# NBA Sports Betting Model

-----

**Regression model**

> [By: Graham Pinsent](https://twitter.com/GrahamPinsent)  
> [Linkedin](https://www.linkedin.com/in/graham-pinsent/)  
> [GitHub](https://github.com/PerryGraham)

**Tools used:** Python, scrapy,  pandas, sklearn, xgboost, matplotlib, seaborn, numpy 

The purpose of this notebook is to try to predict the [Over/Under](#explination) of an NBA game given the teams previous outcomes. I do not expect to out predict the lines given by the betting websites. However, the main goal of this project is to improve my understanding of regression analysis and get some practice with common practices. If you have any advice or improvements that you would have made please leave a comment and let me know. I'm always happy to get feedback. 

**TLDR:**  
"They are both high scoring teams, this game is going to be high" - The data from this notebook shows that this is not an accurate measurement to predict the total points of an upcoming game. There is a lot of variance when it comes to the total points scored in a match. Even the betting lines are not highly accurate. 

### TABLE OF CONTENTS:
* [Data Collection & Cleaning](#clean)
* [Data Scraping](#scrape)
* [Preprocessing & Notebook start](#pre)
* [Data Insights & Feature Engineering](#feat)
* [Models & Validation](#model)
* [Results](#results)

<sub> I tried changing many features/models/methods throughout this project and left a lot of stuff out of this notebook to make it clean, but I will make notes describing most of the things I tried. Some of the other files with cleaning and trying different features can be found on my github, link above. </sub>

-----

<a name="explination"> </a>
##### What does Over/Under mean? 

The Over/Under is a betting line offered where the betting website will provide a number which you must pick if the outcome will be over or under that given number. This betting model will be referring to the most common over/under value, which is the total points (sum of both teams) scored at the end of the game. For example: if the  over/under value is 225 and you think the outcome will be lower than this, you will take the under. Then after the game team A scores 110 and team B scores 105 (110 + 105 = 115) you have won the bet because 115 is under 225. 

--------

<a name="clean"> </a>
# Data Collection & Cleaning :

* Model data downloaded from Kaggle from [Nathan Lauga](https://www.kaggle.com/nathanlauga/nba-games). 
* Betting line history data scraped from [SDQL](https://sdql.com/) using [scrapy](https://scrapy.org/)

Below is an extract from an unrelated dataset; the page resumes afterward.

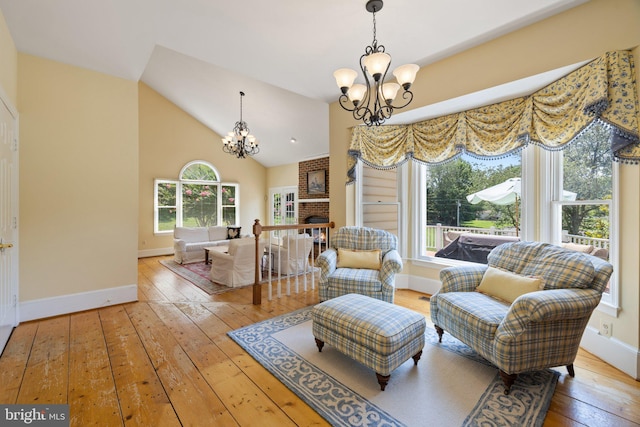 sitting room featuring lofted ceiling, hardwood / wood-style floors, a brick fireplace, and a notable chandelier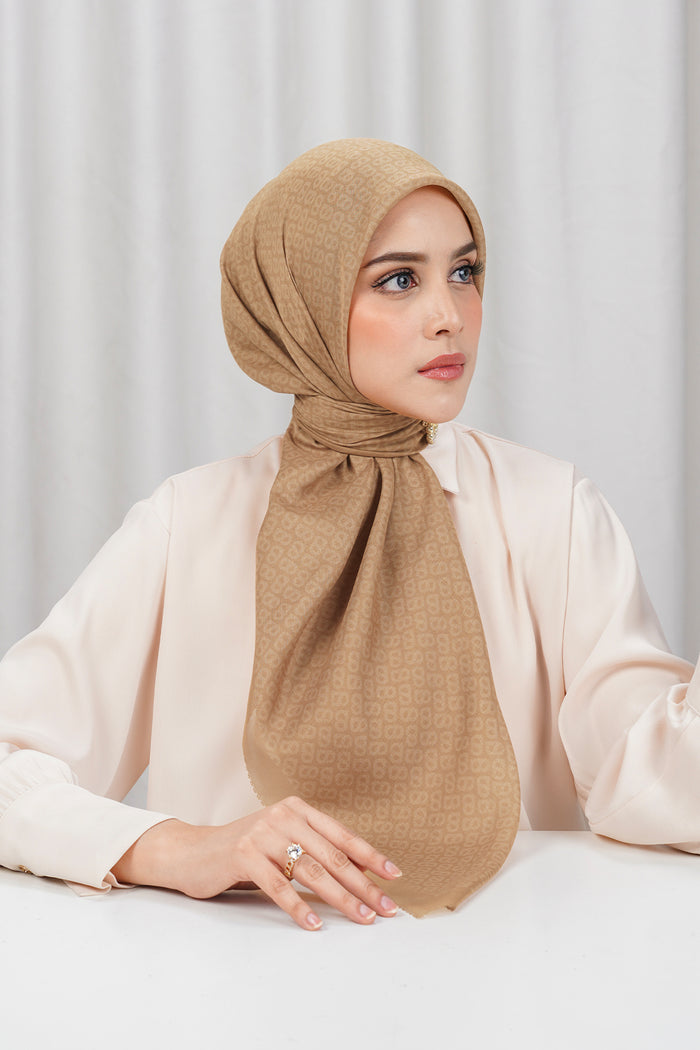 tapis square scarf in tan by buttonscarves side view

Since the data provided was split up into a few different csv files, I had to do some matching and joining using pandas in order to add a few desired features like team records (wins, loses, gamesplayed). If you would like to see exactly what I did refer to my [github](https://github.com/PerryGraham/Betting-Model-NBA). I will only put some important snippets of the process in this notebook. 

One very important thing I added to the original dataset was the total points scored in the game, which is the target variable of this model.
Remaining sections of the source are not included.